Tuesday, January 15, 2008

Ayelet Waldman on The Bad-Mommy Brigade

When all of us are at risk of being called Bad Moms at one moment or another, what is the visceral tug that lets us jump to attention to points fingers at troubled Moms like Britney Spears?

Ayelet Waldman brilliantly addresses that question in a new New York Magazine piece, The Bad-Mommy Brigade. I started looking for one paragraph to quote and found that I wanted to include four. That seems like way too much, so I will encourage you to read the original piece in the entirety.

Waldman starts off with an honest look at our own fears and regrets as Moms, the resulting guilt and shame we feel, and then the outlet we find in judging another mother as failing even worse than we are:

"One way to find consolation in the face of all this failure and guilt is to judge ourselves not against the impossible standard of the Good Mother but against the fun-house-mirror-image Bad Mother. By defining for us the kind of mother we’re not, the Bad Mother makes it easier for us to live with what we are. We may be discontented and irritable, we may snap after the 67th knock-knock joke, our kids may watch three hours of television a day, we may have just celebrated the second anniversary of the last time we had sex, we may have forgotten to pack a snack, or, God forbid, bought one replete with partially hydrogenated vegetable oils, we may yank on our daughters’ ponytails while we’re combing their hair, but at least we’re not Britney Spears."
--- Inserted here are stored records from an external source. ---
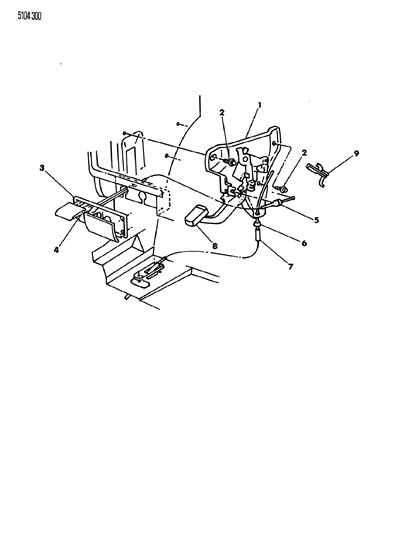 1985 Dodge Lancer Lever - Parking Brake Diagram 1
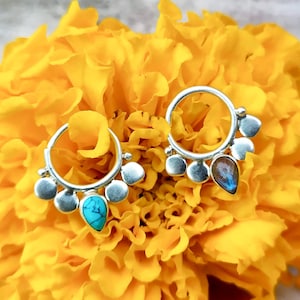 Piercing en argent, piercing, pierre de lune, turquoise
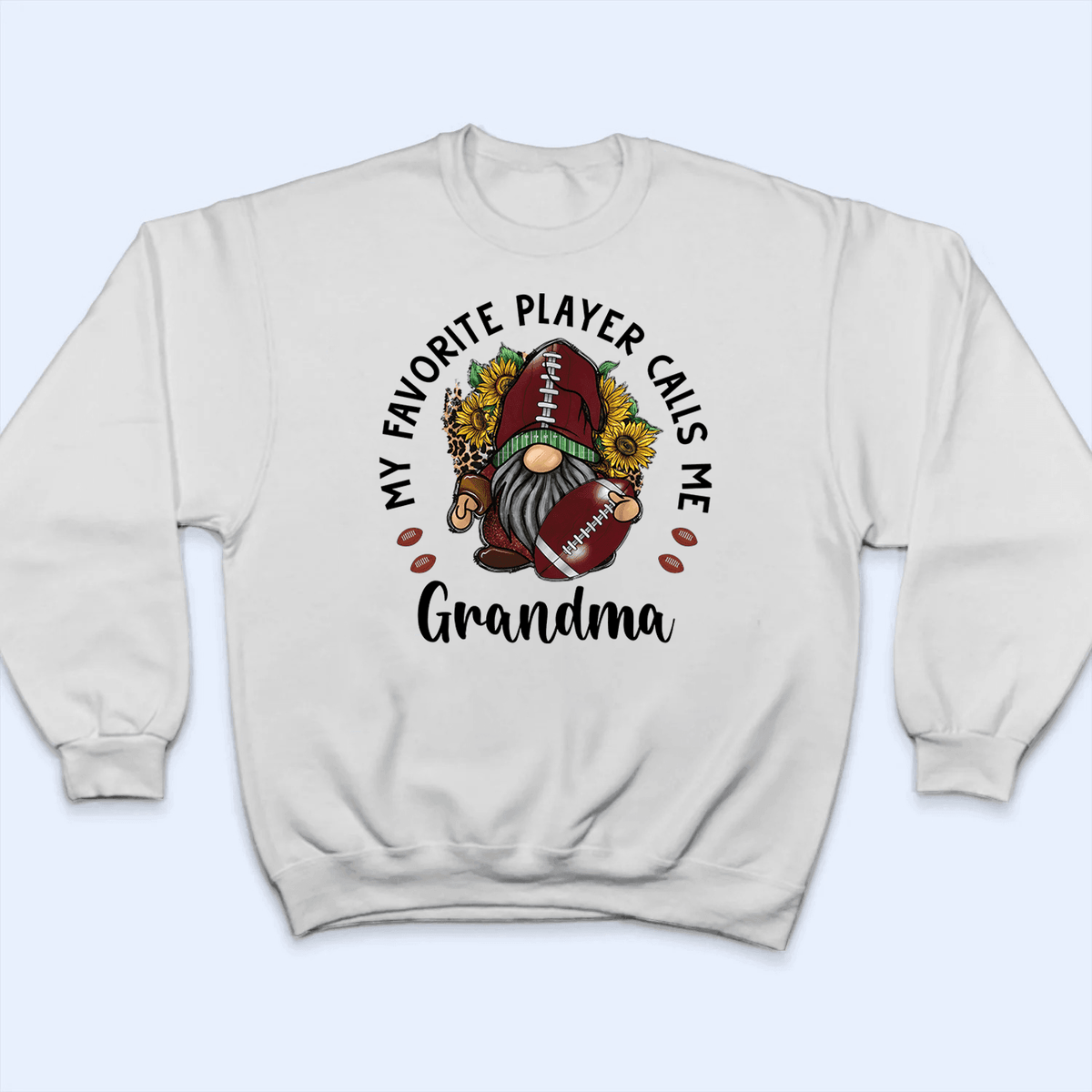 My Favorite Player Calls Me Grandma With Gnome Flowers - Personalized Custom T Shirt - Gift for Grandma/Nana/Mimi, Mom, Wife, Grandparent - Suzitee Store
For the record, when I was called by MomLogic.com, asking my opinion about Britney's situation, I did my best to look beyond the Bad Mommy stereotype. I said, "Britney's burnout is basically the supernova of Mom burnouts, but we all burn out at one point or another. She's having a very public breakdown, but I think all of us can relate on a tiny level. I'd love all of us Moms to send her a little compassion, because she really needs that right now."